C’est un problème essentiel ... et une catastrophe car hormis quelques chanceux qui ont eu leurs premiers choix, un tel système ne fait par construction quasiment que des mécontents.

Ne rien faire, pour ne pas être critiquable

Serait-ce trop simple de classer les vœux en attente (et celui obtenu le cas échéant), au moins de chercher les permutations qui ne dégradent la situation de personne au regard des préférences exprimées ?

Oui, car il faudrait prendre ses responsabilités, faire des choix, donc assumer un risque.

Il faudrait classer les permutations avantageuses pour chacun : toutes ne sont pas faisables simultanément, notamment celles qui font intervenir le même élément. Par exemple : "je remonte de N1 les préférences exprimées avec la permutation p1, et de N2 avec la permutation p2, qui est non compatible avec p1 car elle a un élément commun à permuter.
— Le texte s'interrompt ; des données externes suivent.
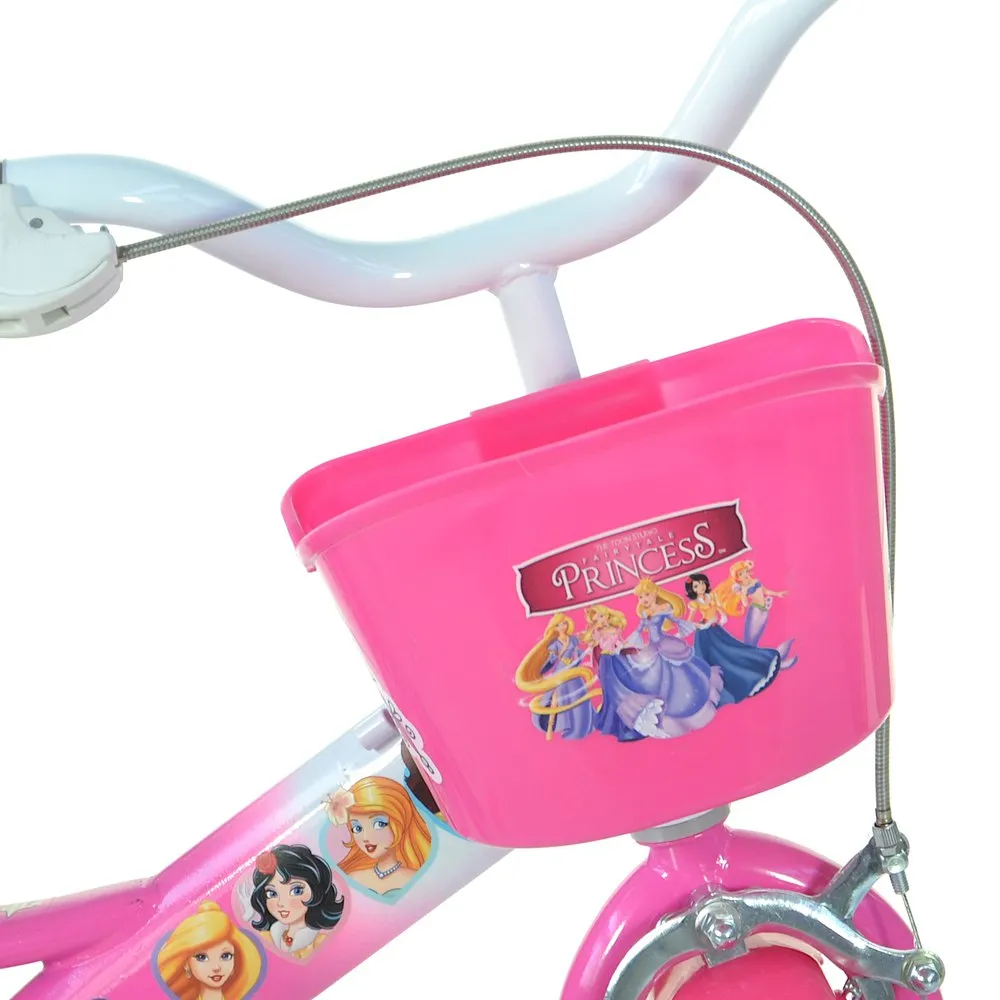 Dino Bikes Fairytale Princess 12 ´´ Cykel, Pink, 3-5Y Dino Bikes Fairytale Princess 12 ´´ Cykel, Pink, 3-5Y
N2>N1, donc je choisis N2.  »

Mais ... si N1=N2, des critères deviennent nécessaires (par ex. : valoriser la permutation qui amène le plus de choix en position 1, voire ... tirer au sort si cela reste égal tout de même). Or, qui dit critères dit risque comme pour APB. Donc inacceptable.
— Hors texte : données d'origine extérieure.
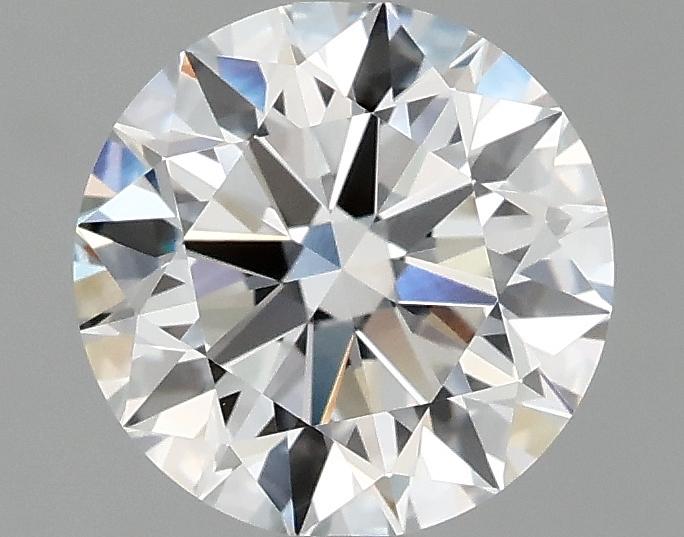 1.55 Carat Round Shaped Excellent Cut VVS2 IGI Certified Lab Grown Diamond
Autre signe d’une construction hâtive : la mise à jour nocturne, une seule fois par jour. Pourquoi ne pas appliquer au fil de l’eau les modifications ? Cela permettrait sur le principe de faire plusieurs « tours » chaque jour, certes sans retour en arrière. À l’heure du « fast trading  », ce sont des mécanismes connus … qui demandent un développement soigneux, des tests et une sécurisation des choix exprimés.

Aussi, quel est finalement l’intérêt pour le candidat de connaître son classement en liste d’attente ? Qu’il soit deuxième ou dernier sur la liste, cela change-t-il son désir de cette formation-là ? Que peut-il faire ? Rien, sinon supputer, calculer, espérer, stresser ... Pourquoi lui faire miroiter tant de soi-disant « oui » qui sont en réalité autant de « non » ?

Une catastrophe pour un enseignement supérieur français en concurrence ?

Parcoursup génère une situation sous-optimale. Tout se passe comme si sa philosophie était : « peu importe qu’ils soient contents, du moment qu’ils sont casés quelque part … ». Son seul kpi est le nombre de formations acceptées, non la satisfaction.

Il essaye même de tromper, en surlignant depuis mi-juillet le % (complémentaire) de ceux qui ont un choix à faire dans les deux jours parmi ceux auxquels la formation a été proposée, là où le seul critère utile serait le % des admis qui ont effectué leur inscription administrative, information parfaitement connue … mais non diffusée.